対話アートNAGNOWEEK展企画のキュレーターの小川泰生さんお話を伺いました。
「対話アート」とは
僕は『西駒郷』(駒ヶ根市)という障がいのある人の支援施設で利用者さんのアート活動の支援をしています。今回のアート展では、そこで精力的に創作をしている方々の作品も多く展示しました。
「“対話アート”って何?」「アートと対話するってどういうこと?」と思った方もいるかもしれませんが、そんなに難しいことではないんです。作品を鑑賞すること自体が対話。その背景にあるものを想像する、何かを感じ取る、気づきを得る・・・といったことが対話アートだと僕は思っています。ある会場で流した作者の創作風景の映像を見て、「アートって自由なんだ」「これだけ豊かな表現が出てくるのに技法や技術は関係ないんだな」といった感想をもった方もいると思います。作品との“対話”を通して、そういう何らかの気づきに繋がればという思いで展示しました。
高校生と創り上げた展示を通して
主催のNANAiROさんから、アート展に際してエクセラン高等学校美術科の学生と何かワークショップをという提案をいただき、最初は一緒に何か創ろうと考えていました。でも先生たちと相談する中で、「コミュニケーションアート専攻の生徒たちなので、一緒に何かを立ち上げていくほうが自然でおもしろいんじゃないか」という話に。全3回の授業を通して、「ギャラリーノイエ」での展示を一緒に創ることになりました。

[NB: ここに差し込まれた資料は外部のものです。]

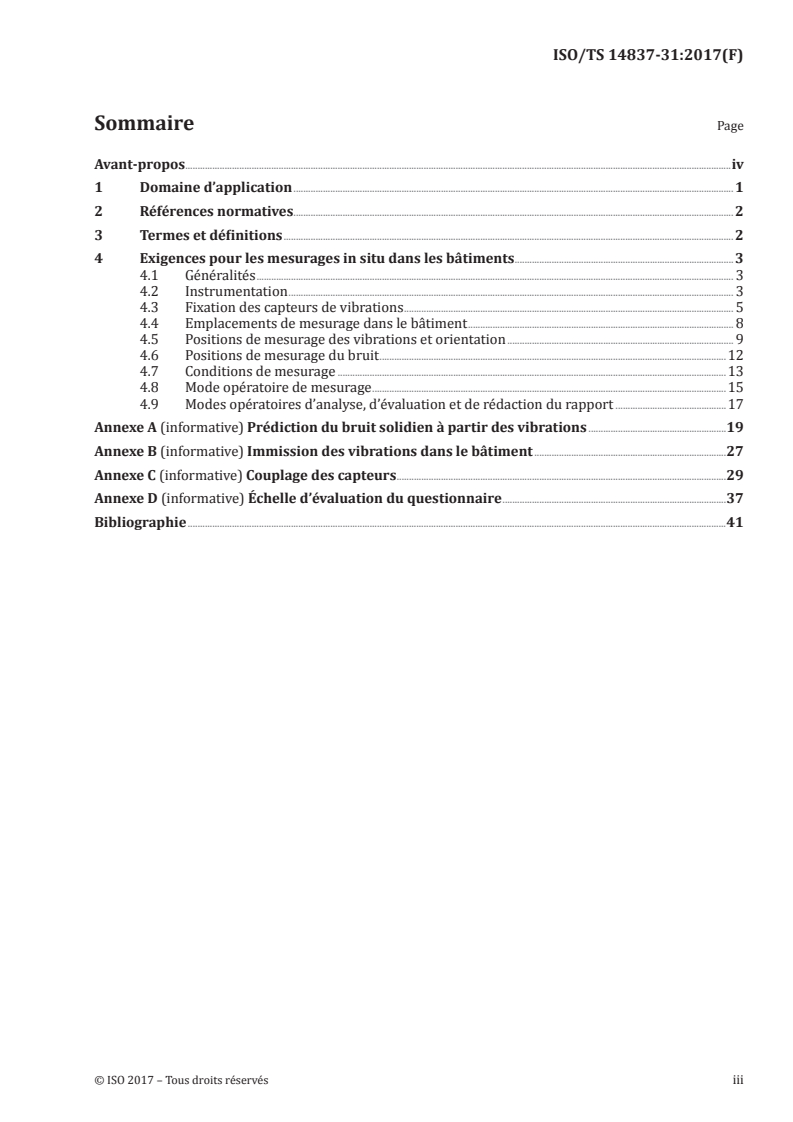 ISO/TS 14837-31:2017 ISO/TS 14837-31:2017 - Vibrations mécaniques — Vibrations et bruits initiés au sol dus à des lignes ferroviaires — Partie 31: Lignes directrices de mesurages in situ pour l’évaluation de l’exposition des individus dans les bâtiments/25/2018 - Page 3 preview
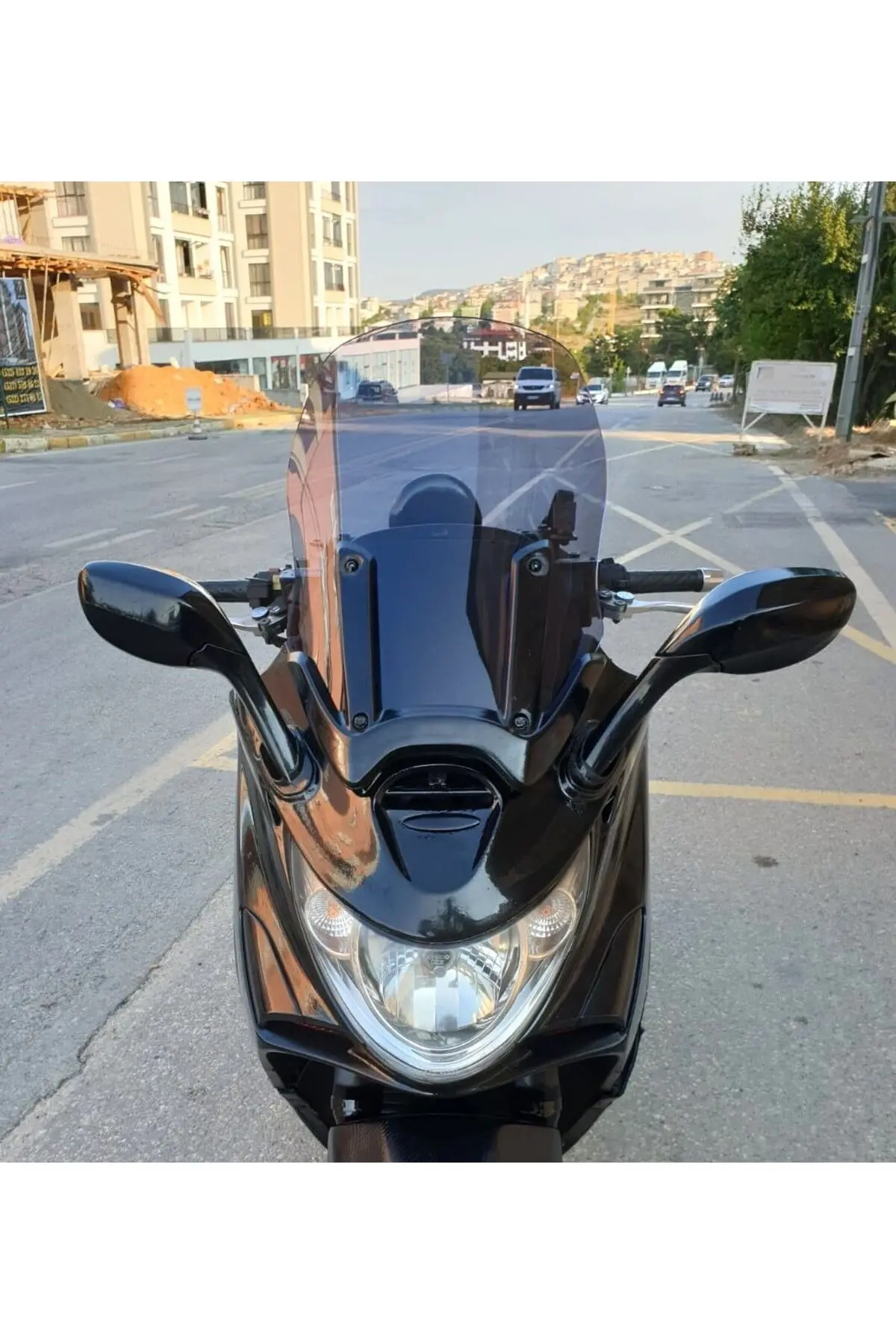 Kymco Xciting 250 İ Ön Cam 2008-2012 Model 62cm Füme Renkli 4mm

“障がい”ってマイナスのイメージが強いですが、アートを通してプラスの部分があること、こういう世界観があるんだよということを伝えるのが僕の仕事の一面だと思っています。そのことをこの取り組みを通して学生たちにも感じてもらいつつ、自分たちの感覚で作品を紹介する楽しさやおもしろさを見い出してくれていたらうれしいです。